[Task inputs Boundary: Start]

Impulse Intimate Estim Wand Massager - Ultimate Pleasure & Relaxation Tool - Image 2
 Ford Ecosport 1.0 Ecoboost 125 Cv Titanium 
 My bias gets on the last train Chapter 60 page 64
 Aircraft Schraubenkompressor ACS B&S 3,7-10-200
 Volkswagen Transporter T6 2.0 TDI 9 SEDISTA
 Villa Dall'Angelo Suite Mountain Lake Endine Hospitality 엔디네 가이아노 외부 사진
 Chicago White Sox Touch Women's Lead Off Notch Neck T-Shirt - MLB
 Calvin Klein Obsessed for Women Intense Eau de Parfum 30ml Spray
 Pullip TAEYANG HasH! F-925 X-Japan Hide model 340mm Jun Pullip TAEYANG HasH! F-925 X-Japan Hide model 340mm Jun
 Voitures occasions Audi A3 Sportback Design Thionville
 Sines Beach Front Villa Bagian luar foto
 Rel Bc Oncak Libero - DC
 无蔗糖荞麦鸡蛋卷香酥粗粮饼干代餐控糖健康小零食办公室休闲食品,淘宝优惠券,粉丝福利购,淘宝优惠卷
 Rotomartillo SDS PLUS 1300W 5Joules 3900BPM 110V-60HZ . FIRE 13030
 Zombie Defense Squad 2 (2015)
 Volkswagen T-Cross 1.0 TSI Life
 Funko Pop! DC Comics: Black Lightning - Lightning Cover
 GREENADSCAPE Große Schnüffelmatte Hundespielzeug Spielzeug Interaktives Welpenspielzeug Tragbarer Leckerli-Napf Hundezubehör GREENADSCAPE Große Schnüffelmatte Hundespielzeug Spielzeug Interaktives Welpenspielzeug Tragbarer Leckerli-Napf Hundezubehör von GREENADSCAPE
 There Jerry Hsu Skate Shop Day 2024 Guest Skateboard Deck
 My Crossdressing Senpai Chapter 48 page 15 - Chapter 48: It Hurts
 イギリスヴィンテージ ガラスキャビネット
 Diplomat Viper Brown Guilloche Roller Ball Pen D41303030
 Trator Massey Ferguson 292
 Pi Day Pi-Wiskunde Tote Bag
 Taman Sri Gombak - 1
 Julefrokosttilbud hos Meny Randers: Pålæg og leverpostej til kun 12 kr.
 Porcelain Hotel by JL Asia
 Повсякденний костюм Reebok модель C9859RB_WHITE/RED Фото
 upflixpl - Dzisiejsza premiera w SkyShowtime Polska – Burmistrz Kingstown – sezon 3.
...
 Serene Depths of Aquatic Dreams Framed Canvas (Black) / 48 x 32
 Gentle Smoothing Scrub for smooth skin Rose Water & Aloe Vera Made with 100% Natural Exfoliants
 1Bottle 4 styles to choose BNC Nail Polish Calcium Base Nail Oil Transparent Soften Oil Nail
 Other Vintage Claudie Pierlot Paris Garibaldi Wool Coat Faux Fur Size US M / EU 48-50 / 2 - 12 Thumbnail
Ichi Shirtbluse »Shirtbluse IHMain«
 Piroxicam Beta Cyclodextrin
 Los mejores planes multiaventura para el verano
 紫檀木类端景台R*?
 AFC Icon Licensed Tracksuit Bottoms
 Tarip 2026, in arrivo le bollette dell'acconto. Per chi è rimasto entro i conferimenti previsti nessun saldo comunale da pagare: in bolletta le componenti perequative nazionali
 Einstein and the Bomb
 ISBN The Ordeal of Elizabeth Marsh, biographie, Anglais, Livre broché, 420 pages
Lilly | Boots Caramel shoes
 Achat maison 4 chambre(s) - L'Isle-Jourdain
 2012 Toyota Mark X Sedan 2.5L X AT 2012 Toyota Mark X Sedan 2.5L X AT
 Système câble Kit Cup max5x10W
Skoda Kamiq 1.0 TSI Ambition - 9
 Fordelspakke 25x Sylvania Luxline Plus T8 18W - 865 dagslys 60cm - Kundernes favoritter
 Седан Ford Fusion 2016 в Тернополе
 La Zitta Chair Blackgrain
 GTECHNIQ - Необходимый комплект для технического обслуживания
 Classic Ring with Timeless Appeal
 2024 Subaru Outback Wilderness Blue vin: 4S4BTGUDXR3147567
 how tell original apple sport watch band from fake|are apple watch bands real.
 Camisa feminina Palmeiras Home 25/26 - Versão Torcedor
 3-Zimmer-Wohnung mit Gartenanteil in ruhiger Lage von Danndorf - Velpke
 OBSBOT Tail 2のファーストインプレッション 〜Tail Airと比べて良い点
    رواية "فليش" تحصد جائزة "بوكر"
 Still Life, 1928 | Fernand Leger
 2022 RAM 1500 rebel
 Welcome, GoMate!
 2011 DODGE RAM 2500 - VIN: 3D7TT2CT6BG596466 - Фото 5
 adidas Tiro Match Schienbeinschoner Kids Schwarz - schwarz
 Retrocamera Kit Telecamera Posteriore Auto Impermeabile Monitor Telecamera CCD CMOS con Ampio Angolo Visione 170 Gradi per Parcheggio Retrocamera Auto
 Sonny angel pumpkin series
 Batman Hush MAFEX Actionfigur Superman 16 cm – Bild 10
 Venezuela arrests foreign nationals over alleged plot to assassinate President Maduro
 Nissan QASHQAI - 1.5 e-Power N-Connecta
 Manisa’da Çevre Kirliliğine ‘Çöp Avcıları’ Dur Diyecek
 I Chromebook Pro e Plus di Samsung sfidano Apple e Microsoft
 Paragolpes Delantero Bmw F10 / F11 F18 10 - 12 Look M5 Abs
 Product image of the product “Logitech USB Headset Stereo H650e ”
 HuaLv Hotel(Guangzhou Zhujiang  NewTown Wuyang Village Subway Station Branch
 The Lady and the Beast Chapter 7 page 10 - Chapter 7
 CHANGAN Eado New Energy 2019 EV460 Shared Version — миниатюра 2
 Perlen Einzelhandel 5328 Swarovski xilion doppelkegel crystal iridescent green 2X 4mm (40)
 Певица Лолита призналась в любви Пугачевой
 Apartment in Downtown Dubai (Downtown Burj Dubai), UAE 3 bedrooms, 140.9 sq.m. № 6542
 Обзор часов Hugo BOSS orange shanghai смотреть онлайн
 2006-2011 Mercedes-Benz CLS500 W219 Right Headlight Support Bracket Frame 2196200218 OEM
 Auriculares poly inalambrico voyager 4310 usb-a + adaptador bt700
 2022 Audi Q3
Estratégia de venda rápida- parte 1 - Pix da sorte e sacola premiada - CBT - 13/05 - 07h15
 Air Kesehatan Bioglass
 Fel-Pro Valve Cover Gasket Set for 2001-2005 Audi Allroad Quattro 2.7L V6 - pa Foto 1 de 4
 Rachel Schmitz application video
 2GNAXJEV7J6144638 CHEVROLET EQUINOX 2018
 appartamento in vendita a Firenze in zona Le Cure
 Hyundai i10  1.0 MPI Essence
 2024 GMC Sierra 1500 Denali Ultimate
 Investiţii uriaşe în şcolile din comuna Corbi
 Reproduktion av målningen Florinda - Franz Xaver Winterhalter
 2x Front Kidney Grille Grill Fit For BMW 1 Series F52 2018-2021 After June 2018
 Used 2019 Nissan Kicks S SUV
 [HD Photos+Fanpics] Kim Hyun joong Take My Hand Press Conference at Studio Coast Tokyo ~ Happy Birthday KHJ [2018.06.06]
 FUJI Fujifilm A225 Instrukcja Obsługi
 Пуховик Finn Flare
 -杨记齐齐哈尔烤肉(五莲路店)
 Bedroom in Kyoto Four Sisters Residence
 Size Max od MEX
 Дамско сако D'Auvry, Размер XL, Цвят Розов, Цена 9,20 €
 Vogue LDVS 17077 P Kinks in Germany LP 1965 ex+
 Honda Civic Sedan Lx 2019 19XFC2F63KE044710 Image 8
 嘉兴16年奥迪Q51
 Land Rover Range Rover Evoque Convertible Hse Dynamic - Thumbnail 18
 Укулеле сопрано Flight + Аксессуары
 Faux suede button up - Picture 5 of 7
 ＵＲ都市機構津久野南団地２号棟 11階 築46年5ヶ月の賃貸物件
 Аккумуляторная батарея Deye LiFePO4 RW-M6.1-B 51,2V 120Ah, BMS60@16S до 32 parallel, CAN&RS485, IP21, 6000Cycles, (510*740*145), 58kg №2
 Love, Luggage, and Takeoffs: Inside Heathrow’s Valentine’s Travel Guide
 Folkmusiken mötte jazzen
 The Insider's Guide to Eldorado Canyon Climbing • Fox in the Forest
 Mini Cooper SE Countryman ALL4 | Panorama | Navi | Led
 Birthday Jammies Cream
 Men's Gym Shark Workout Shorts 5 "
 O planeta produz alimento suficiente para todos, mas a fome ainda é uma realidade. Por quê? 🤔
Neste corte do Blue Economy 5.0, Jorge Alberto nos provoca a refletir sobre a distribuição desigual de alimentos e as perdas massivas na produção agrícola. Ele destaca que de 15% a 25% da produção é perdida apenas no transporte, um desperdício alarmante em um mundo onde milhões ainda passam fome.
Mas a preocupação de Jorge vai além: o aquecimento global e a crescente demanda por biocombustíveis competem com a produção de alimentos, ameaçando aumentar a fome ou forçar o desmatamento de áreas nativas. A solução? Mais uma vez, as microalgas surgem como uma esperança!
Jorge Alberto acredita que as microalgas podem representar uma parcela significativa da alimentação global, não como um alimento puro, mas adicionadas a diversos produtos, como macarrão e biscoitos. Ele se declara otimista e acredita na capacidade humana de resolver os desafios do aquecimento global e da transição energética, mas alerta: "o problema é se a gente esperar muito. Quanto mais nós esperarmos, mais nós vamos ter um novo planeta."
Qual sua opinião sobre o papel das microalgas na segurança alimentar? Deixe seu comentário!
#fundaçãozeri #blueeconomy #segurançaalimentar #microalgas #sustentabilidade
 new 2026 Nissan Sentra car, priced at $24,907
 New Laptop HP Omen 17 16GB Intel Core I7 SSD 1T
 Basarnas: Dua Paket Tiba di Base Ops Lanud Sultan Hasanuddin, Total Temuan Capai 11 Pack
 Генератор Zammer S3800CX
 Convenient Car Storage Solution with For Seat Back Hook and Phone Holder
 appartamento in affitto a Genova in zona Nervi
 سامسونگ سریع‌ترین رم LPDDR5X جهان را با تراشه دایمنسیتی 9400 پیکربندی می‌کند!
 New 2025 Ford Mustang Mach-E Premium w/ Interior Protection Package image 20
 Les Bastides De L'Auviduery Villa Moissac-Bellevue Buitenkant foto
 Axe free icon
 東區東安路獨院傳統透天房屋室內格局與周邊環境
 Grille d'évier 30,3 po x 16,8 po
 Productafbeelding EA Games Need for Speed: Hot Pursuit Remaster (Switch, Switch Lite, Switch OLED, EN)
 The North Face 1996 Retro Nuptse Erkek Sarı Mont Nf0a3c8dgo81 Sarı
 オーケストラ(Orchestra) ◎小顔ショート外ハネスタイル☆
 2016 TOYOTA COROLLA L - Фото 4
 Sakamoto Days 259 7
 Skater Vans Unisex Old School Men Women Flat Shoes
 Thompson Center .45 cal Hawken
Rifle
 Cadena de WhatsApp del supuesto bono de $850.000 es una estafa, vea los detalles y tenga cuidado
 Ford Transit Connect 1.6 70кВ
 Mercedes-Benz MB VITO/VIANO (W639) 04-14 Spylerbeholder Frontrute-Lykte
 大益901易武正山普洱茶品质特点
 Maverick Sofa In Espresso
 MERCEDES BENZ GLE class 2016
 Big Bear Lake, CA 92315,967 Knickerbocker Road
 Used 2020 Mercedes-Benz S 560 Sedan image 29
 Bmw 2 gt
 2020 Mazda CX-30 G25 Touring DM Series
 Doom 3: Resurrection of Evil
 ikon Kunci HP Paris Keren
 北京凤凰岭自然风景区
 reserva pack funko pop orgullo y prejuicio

[Task inputs Boundary: End]

_Exercise directions_: Determine the number of lines in the data that contain "Birthday" as a word or string, and state only that number.

_Completed task_: 2